In recent legal amendments designed to bring Malta up to date with the 4th Anti-Money Laundering Directive (AMLD4), “beneficial owners” of trusts will now include settlers, trustees, protectors, and any beneficiaries who exercise ultimate control through direct or indirect ownership.
This new definition goes beyond previous versions of the directive, which placed higher thresholds on the identification of trust beneficiaries.
Trusts have been involved in major tax evasion and corruption scandals in the past, and are usually used by elites seeking to hide their assets under the ownership of complex trusts in a bid to avoid tax. More recently in Malta, the Panama Papers revealed the use of two offshore trusts by minister Konrad Mizzi and the PM’s chief-of-staff Keith Schembri connected to their offshore companies in Panama.
A EUROPOL representative had told MEPs during a November 2016 hearing on money laundering and tax evasion that trusts were among “the main schemes that were used to hide tax revenue or launder money”.
The new law now obliges Malta to require that the identity of all parties to a trust or foundation, be available to be accessed by national tax authorities and EU financial intelligence units, apart from being held in a central register held by the Malta Financial Services Authority.
Malta will have to ensure timely and unrestricted access to the register without alerting the parties of the trust concerned.
Where a registered trustee contravenes or fails to comply with any of the provisions of the new rules, the MFSA may impose an administrative penalty of not more than €150,000, unless trustees can prove they exercised all due diligence to comply with the rules.

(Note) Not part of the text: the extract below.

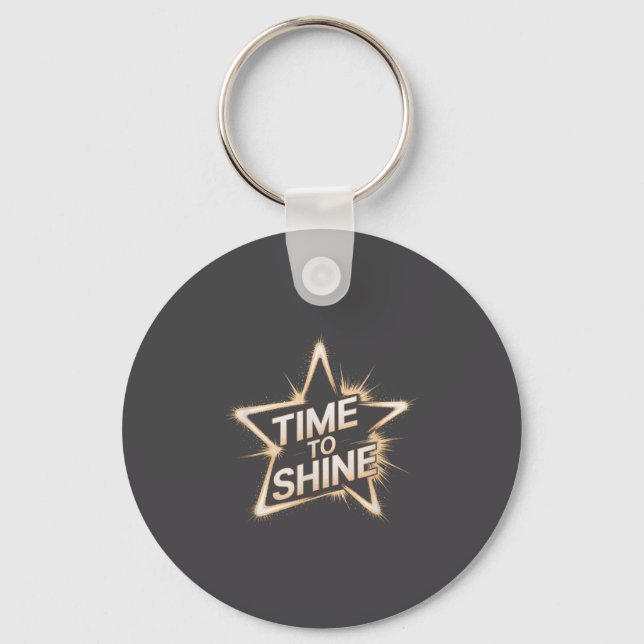 Time Women To Shine Motivational Star Men Kids  Nyckelring (Framsida)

The new rules also apply to all associations established for either a private interest, or social purpose and non-profit associations. Each association will now have to keep updated information on its beneficial owners, with penalties for non-compliance reaching €500, or up to €5,000 and a six-month imprisonment for providing false or misleading information.
However, access to information on a beneficial owner of an association may not be granted, if it can be justified that such access to such beneficial ownership information would expose the owner to the risk of fraud, kidnapping, blackmail, violence or intimidation, or whether the beneficial owner is a minor or otherwise incapable.
The register of beneficial owners will be held by the Registrar for Legal Persons, who will be appointed by a government minister. The register will be interconnected with the central registers of other member states.
Since the introduction of harsher anti-money laundering rules at a European level, Maltese banks had already stated extensive due diligence exercises for politically-exposed persons.
In one example, HSBC Malta’s CEO informed then Opposition leader Simon Busuttil that a VIP team at the bank would be responsible for the management of PEP due diligence obligations.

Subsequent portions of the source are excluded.